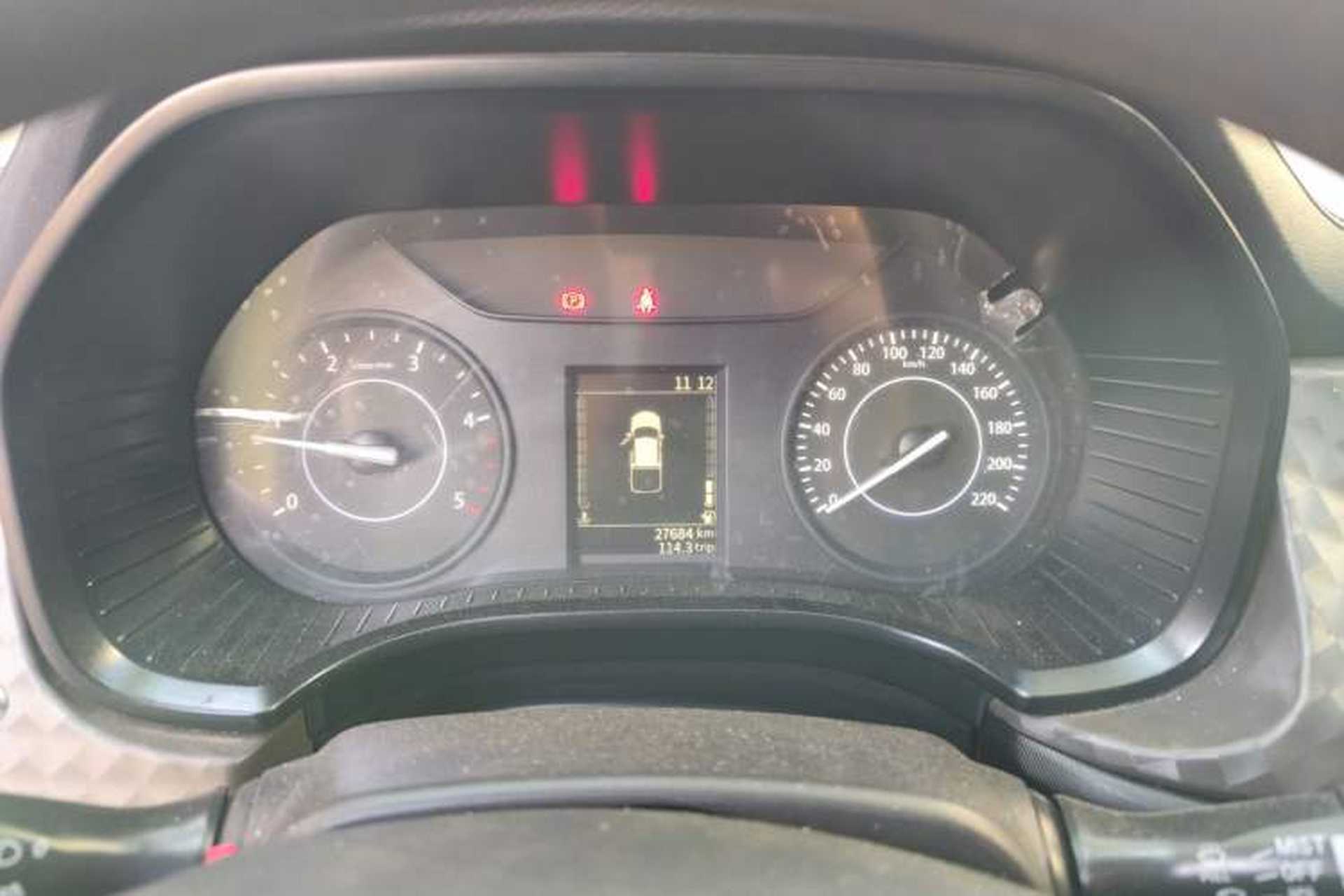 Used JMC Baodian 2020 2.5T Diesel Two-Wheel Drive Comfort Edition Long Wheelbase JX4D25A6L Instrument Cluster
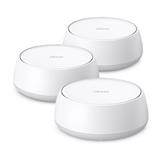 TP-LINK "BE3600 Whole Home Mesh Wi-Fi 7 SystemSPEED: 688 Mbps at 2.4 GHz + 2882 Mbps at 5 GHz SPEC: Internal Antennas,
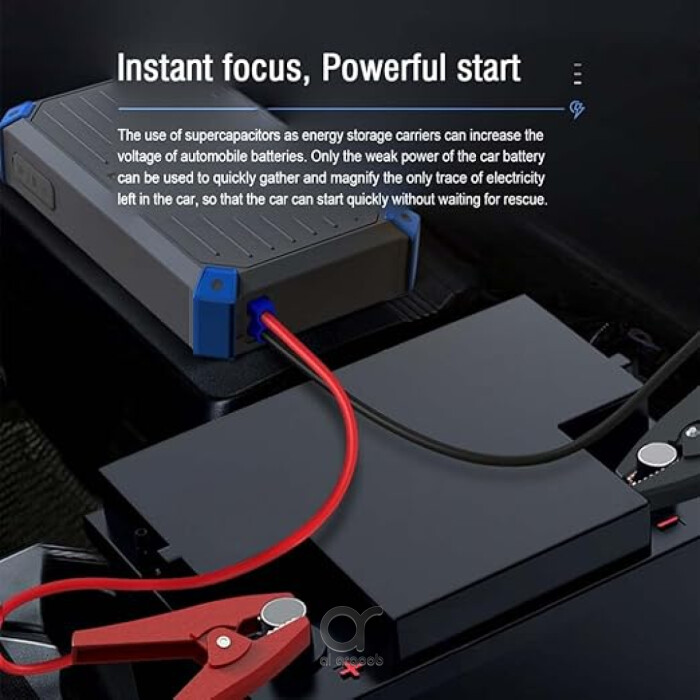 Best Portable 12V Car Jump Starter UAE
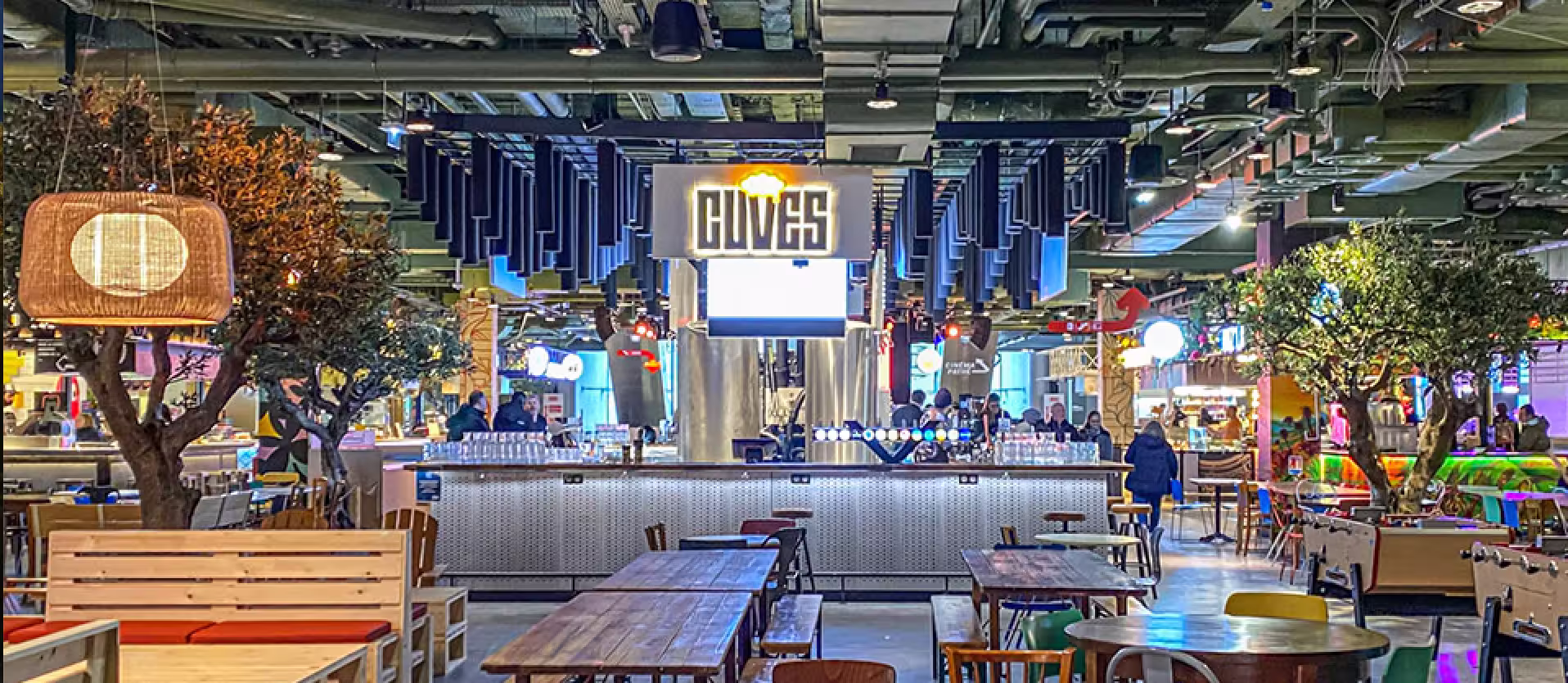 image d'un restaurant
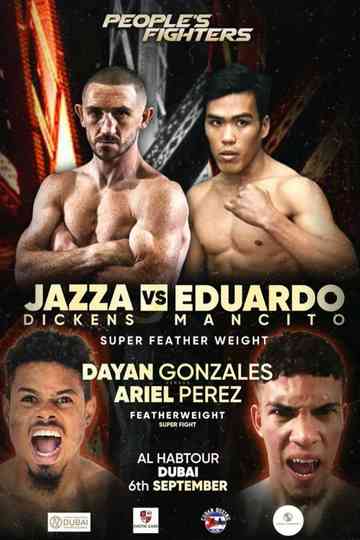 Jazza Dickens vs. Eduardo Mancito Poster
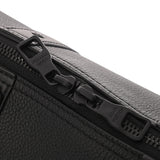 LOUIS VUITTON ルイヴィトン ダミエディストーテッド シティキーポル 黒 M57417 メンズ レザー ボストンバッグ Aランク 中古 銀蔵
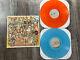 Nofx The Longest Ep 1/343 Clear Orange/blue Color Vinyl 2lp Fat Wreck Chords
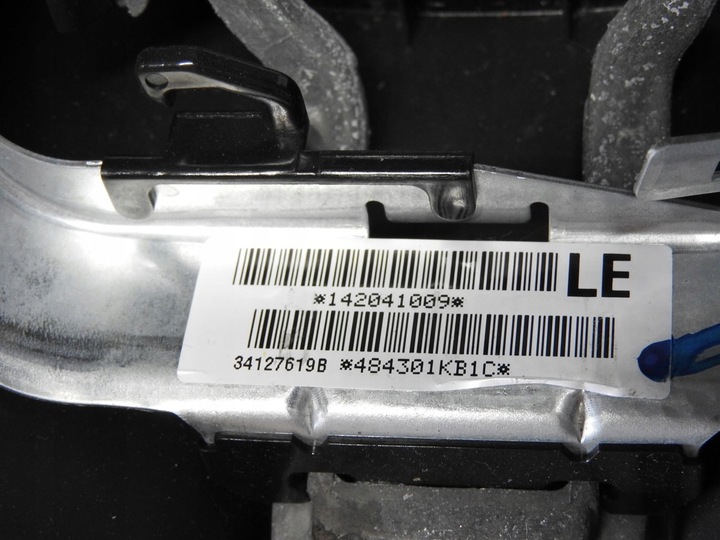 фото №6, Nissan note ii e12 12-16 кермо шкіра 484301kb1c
——————————
*Work required*
Beginning with the line that contains "Nofx The Longest", reproduce every line through the end of the records above exactly, leaving pictures out.

*Final answer*
 Nofx The Longest Ep 1/343 Clear Orange/blue Color Vinyl 2lp Fat Wreck Chords
 фото №6, Nissan note ii e12 12-16 кермо шкіра 484301kb1c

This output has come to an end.